Where the currents in each phase are different in magnitudes for consistent periods:
- In this case, voltage drop calculations can be performed by selecting phases as single-phase.
Calculator inputs explained
Voltage (V)
- The voltage is used to calculate the actual percentage voltage drop.
- By default, the supply voltage is 230 V for single phase and 400 V for 3-phase loads.
- The nominal voltage for low-voltage systems and electrical installations is 230/400 V, as per the Wiring Rules AS/NZS 3000:2018.
Phase
- Select the phase arrangement to match the load. The options available are single-phase AC, three-phase AC, two-phase AC, or DC.
- This phase arrangement affects the voltage drop calculation because different voltage drop equations are used.
- Three-phase AC is used for larger loads and consumer mains. Balanced three-phase conditions are assumed, meaning the current in each of the three phases is the same.
- To calculate the voltage drop for an unbalanced three-phase load, a conservative approach is to assume a balanced three-phase load condition and perform calculations using the current flowing in the heaviest-loaded phase.
Load
- The load determines the current-carrying capacity of the cable. The load is specified in Amps, kilowatts, kVA, or horsepower.
- For a three-phase load, this should be the current of the highest-loaded phase or the total power on all the phases.
Power factor
- Enter the load power factor (assumed lagging). The power factor is used for accurate voltage drop calculations.

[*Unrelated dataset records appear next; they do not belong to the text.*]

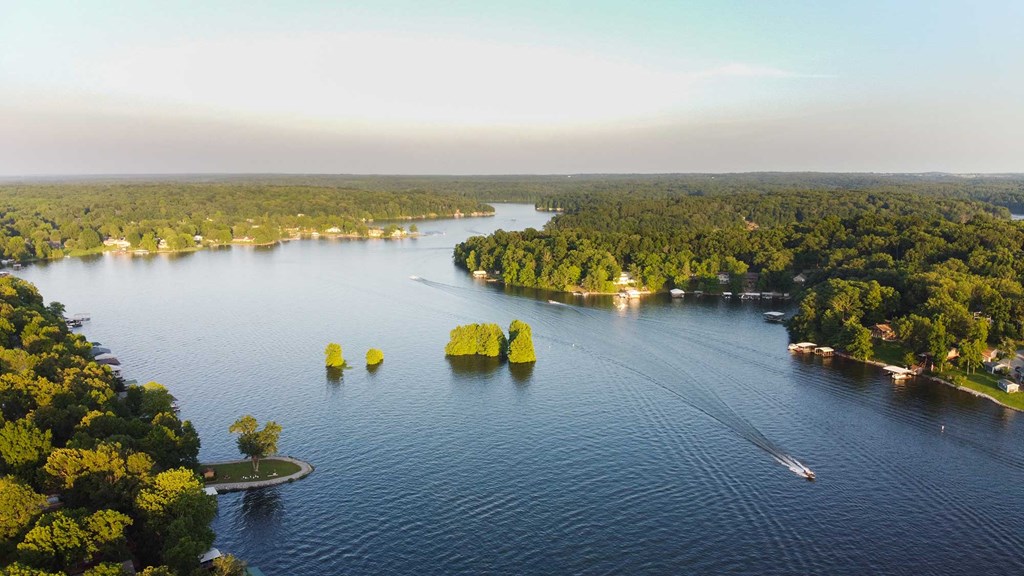 Top 4 Family Friendly Activities at the Lake of Egypt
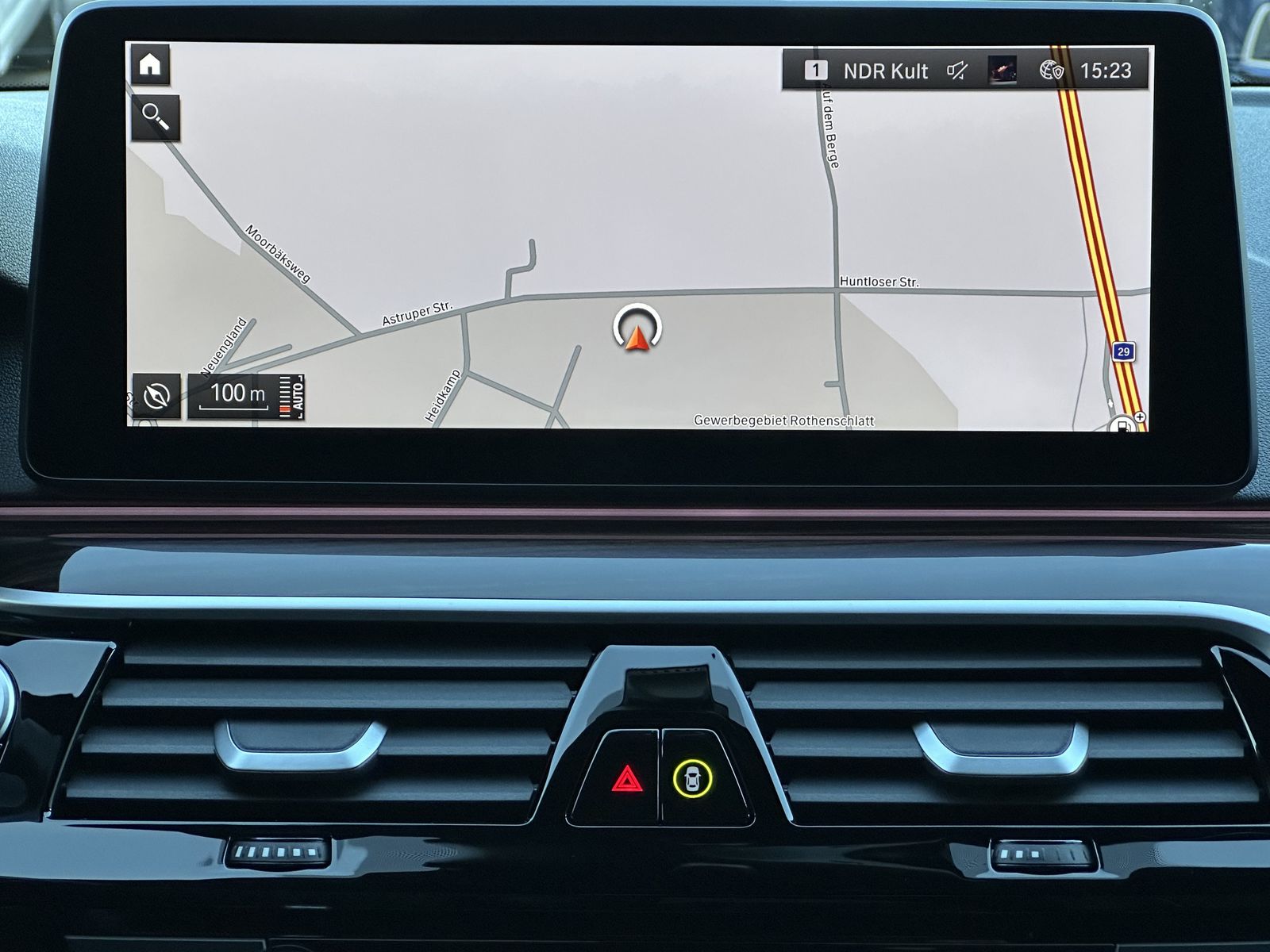 Fahrzeugabbildung BMW 530i Touring xDrive M-Sport NAV+LED+AHK+HUD+H&K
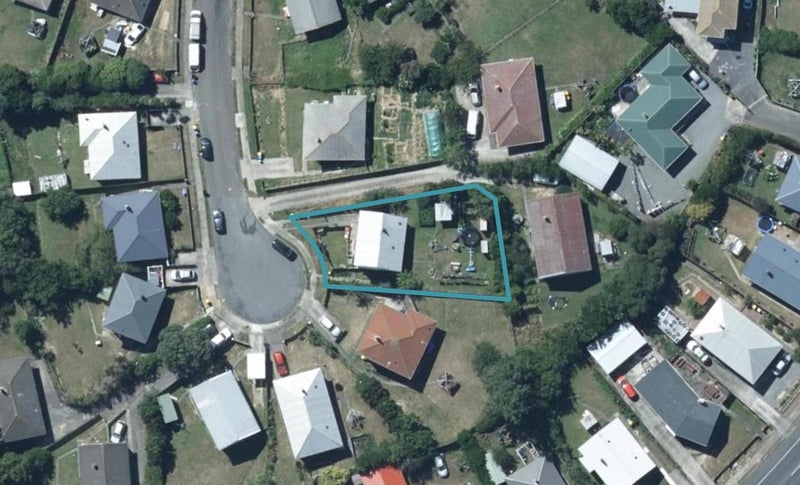 9 Komata Grove, Waitangirua, Porirua - Carousel 1
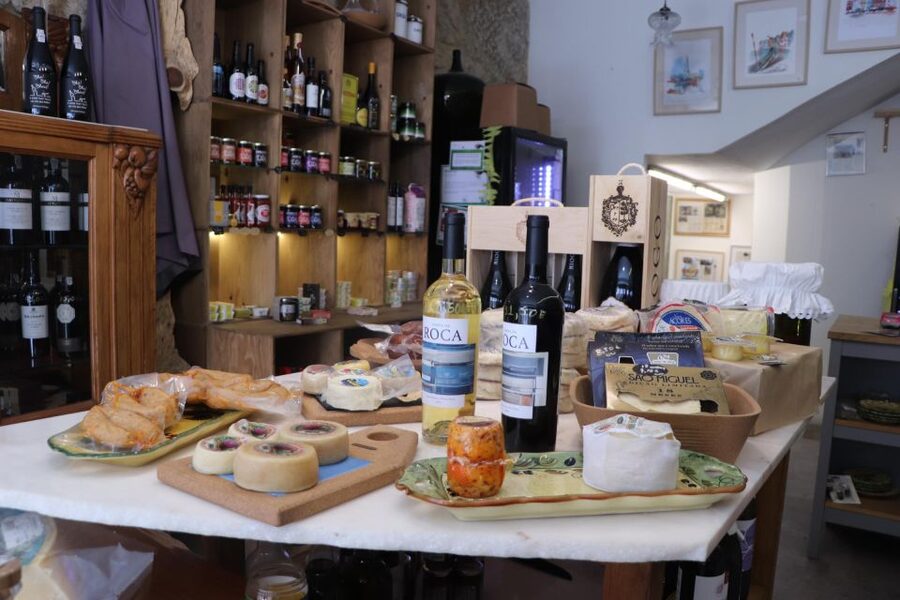 Portuguese Wine Tasting w Local Cheese & Cold Cuts pairing - Quick Tips Before You Go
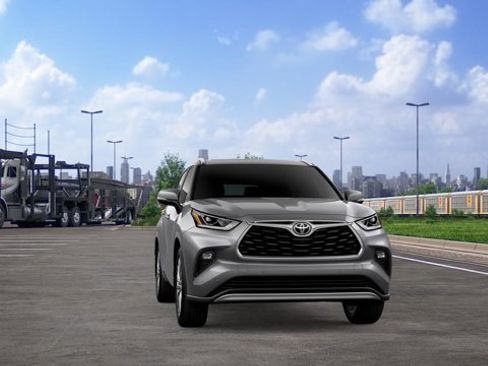New 2026 Toyota Highlander Platinum image 18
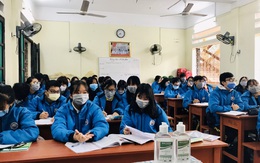 "Nghỉ ở nhà buồn lắm", học sinh Hải Phòng đeo khẩu trang trở lại lớp giữa dịch nCoV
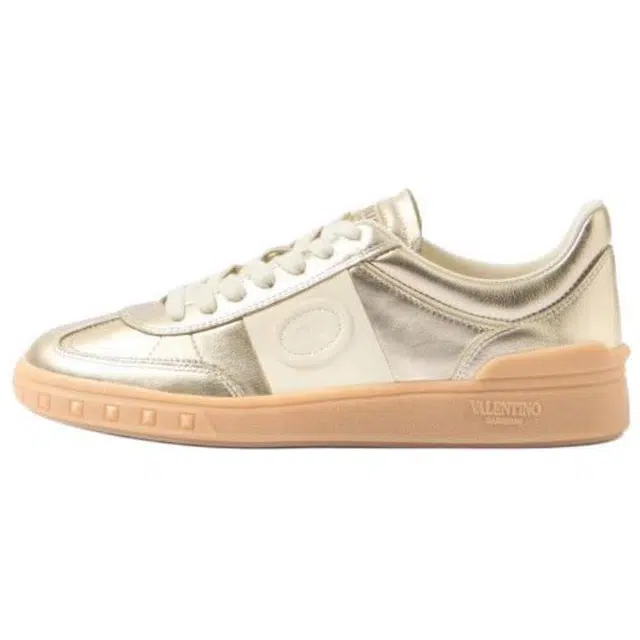 Valentino Upvillage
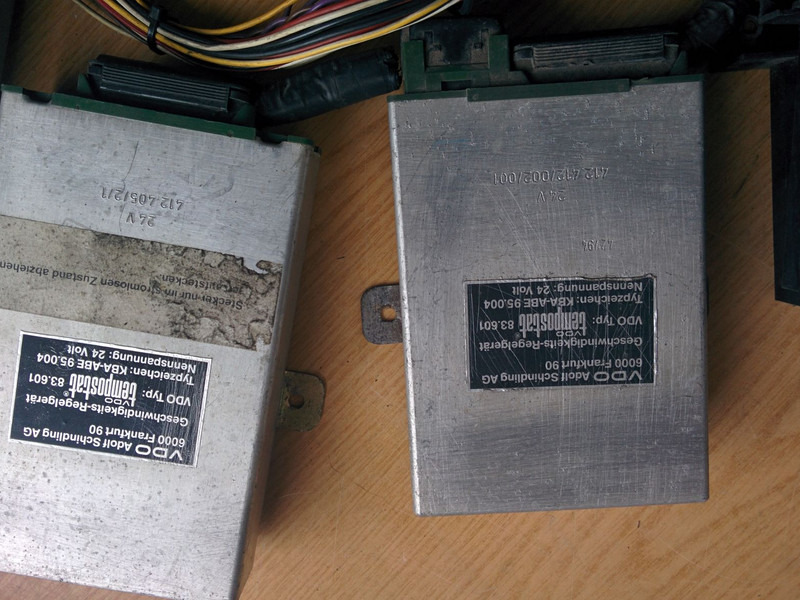 VDO 412.409/007/001 412.405/2/1 412.412/002/001 - Kontrollenhet: bild 1 VDO 412.409/007/001 412.405/2/1 412.412/002/001 - Kontrollenhet: bild 1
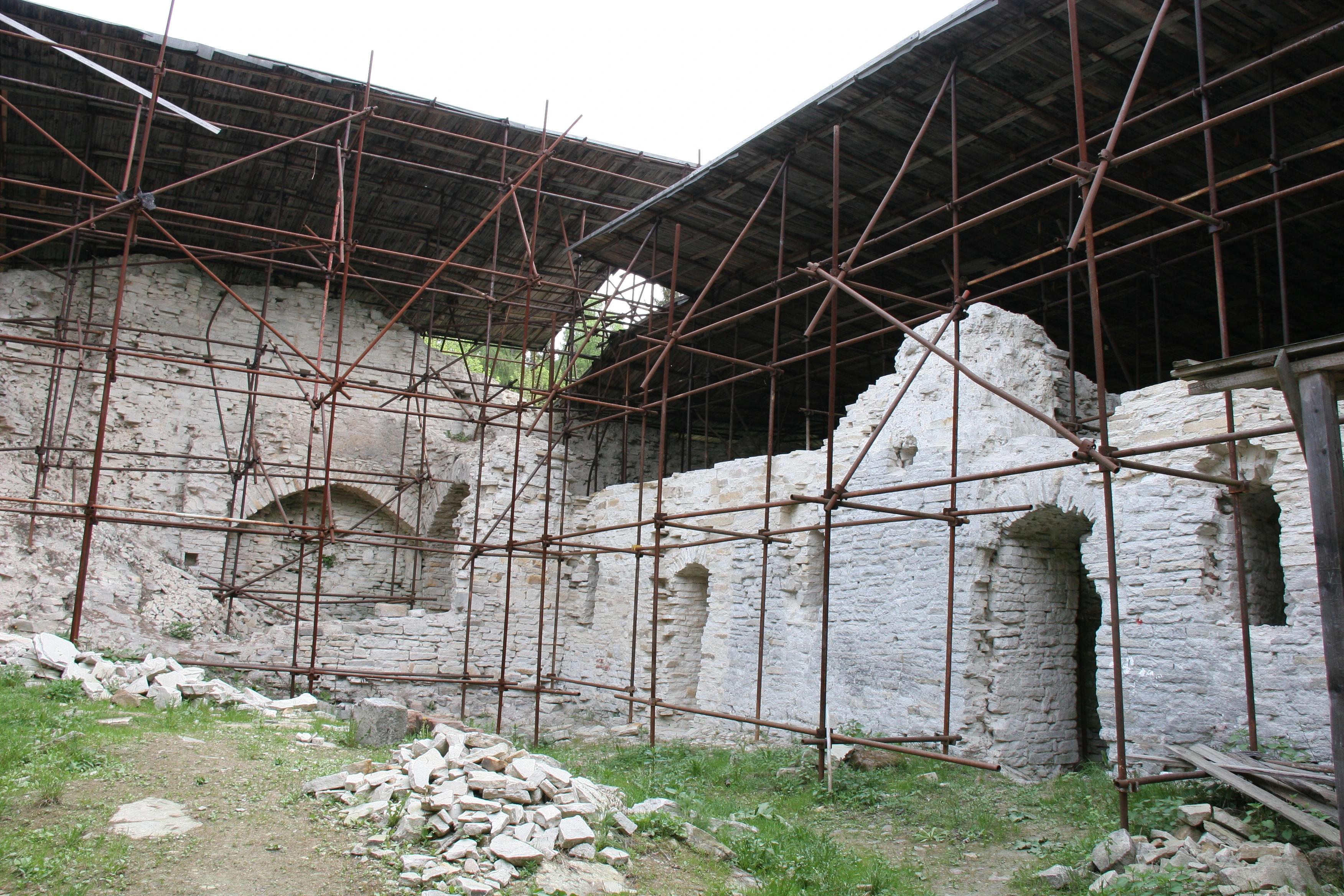 Zřícenina hradu Vízmburk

- A poor power factor will result in a higher voltage drop, especially for large cable sizes (because their impedance is highly reactive).
Cable length (m)
- This is the distance between the supply point and the load location.
- The cable return path length is automatically included with the voltage drop calculations for single-phase loads.
Cores
- The impedance (resistance and reactance) of single core and multicore cables is different.
Conductor
- You can select the conductor material of the cable. The type of conductor, due to different impedance values, affects the current-carrying capacity and the voltage drop of the cable.
Insulation
- The cable's insulation material affects the maximum allowable operating temperature and, hence, the current rating.
- Cables with a higher allowable temperature (which depends on the insulation type) will have a higher current rating.